Special Dark was better than milk chocolate, but it still wasn’t all that good. Maybe the caterpillar that I once found wrapped in a Special Dark bar is what set me seeking in a different direction. (No kidding.) I took it back to the drug store, showed them the worm and his little cocoon inside the wrapper and got my money back.
And maybe I’d already decided that I could wait for better chocolate.
In general, I preferred Nestle Semi-Sweet Chocolate Chips. Which, by the way, I swear used to have more cacao than they do today. I mean today, now you see semi-sweet morsels AND dark chocolate morsels for sale at the market. Today they seem much sweeter. And when I make the same deserts I made 18 years ago with the semi, I don’t get the same results. Baugh. Seems I’m not the only one who thinks so.
Then somewhere in my teens, along came Dove and the world became a little brighter.
As I grew older, I explored many brands and flavors. Dark chocolate and chipotle, dark chocolate and green tea, dark chocolate and pomegranate. Among my favorites? Dark chocolate and pecan, dark chocolate and hazelnuts, dark chocolate and caramel, and the ‘ol stand by of dark chocolate and almond.
I know. Not quite as exotic as the others.
And I learned that chocolate, like coffee, has different flavor nuances depending on where it is grown. Guatemalan chocolate is different than Costa Rican chocolate.

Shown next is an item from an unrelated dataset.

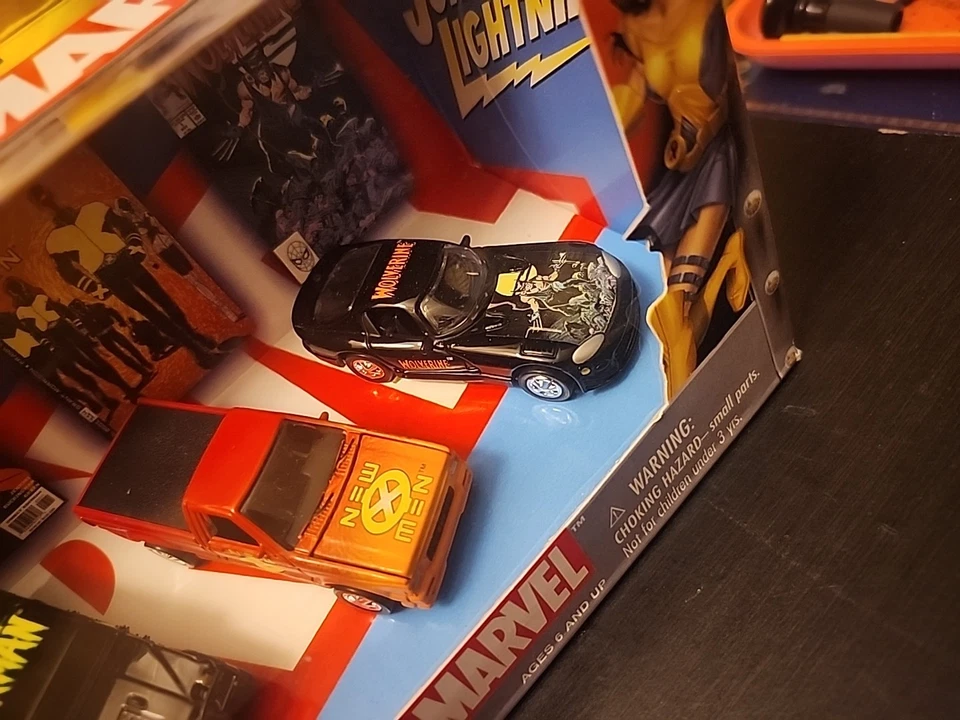 Johnny Lightning Marvel 4 Car Box Set Spider-Man Wolverine Die-Cast Metal 2002 - Image 4 of 4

And btw, I think Godiva is overrated. Except the liquor.
But the ickiest flavor to me is salted chocolate. The only salt that should be allowed in there is the salt in any butter used. That’s it.
And here’s the thing. I recognize that salt can be used to help bring out a flavor, or even to create a spark of interest that wouldn’t otherwise be there.
But today, it seems most ALL the dark chocolate sold in store is salted. If it’s dark, then by golly let’s salt it too. Ugh. And most of the caramel too. If I want dark chocolate covered caramel, I’m extra out of luck. Either the chocolate is salted, or the caramel is. Either one tastes bad. Ocassionally I can find it without.
I supposed I should count my blessings. The flooded market of ocean-water flavored chocolate keeps me from indulging most of the time.
But still, leave me some options people! Those who like salted dark chocolate will still like unsalted dark chocolate.
It’s a binary system. Those who like salted chocolate and those who don’t.
So leave options.
It’s a win-win. And everyone gets to have chocolate.
Hopefully one day I’ll be telling stories to my grand-kids about how all the chocolate companies used to salt dark chocolate candies all the time. Kinda like how Coca-Cola tried to replace a winning product with New Coke.
And the kids will be all like, “Ewww, Grandma, for real?”
“Yep,” I’ll say, “For real.”
“But Grandma, how did you survive it?”
And I’ll simply say, “Well kids, therein lies the lesson. Learn to make your own.”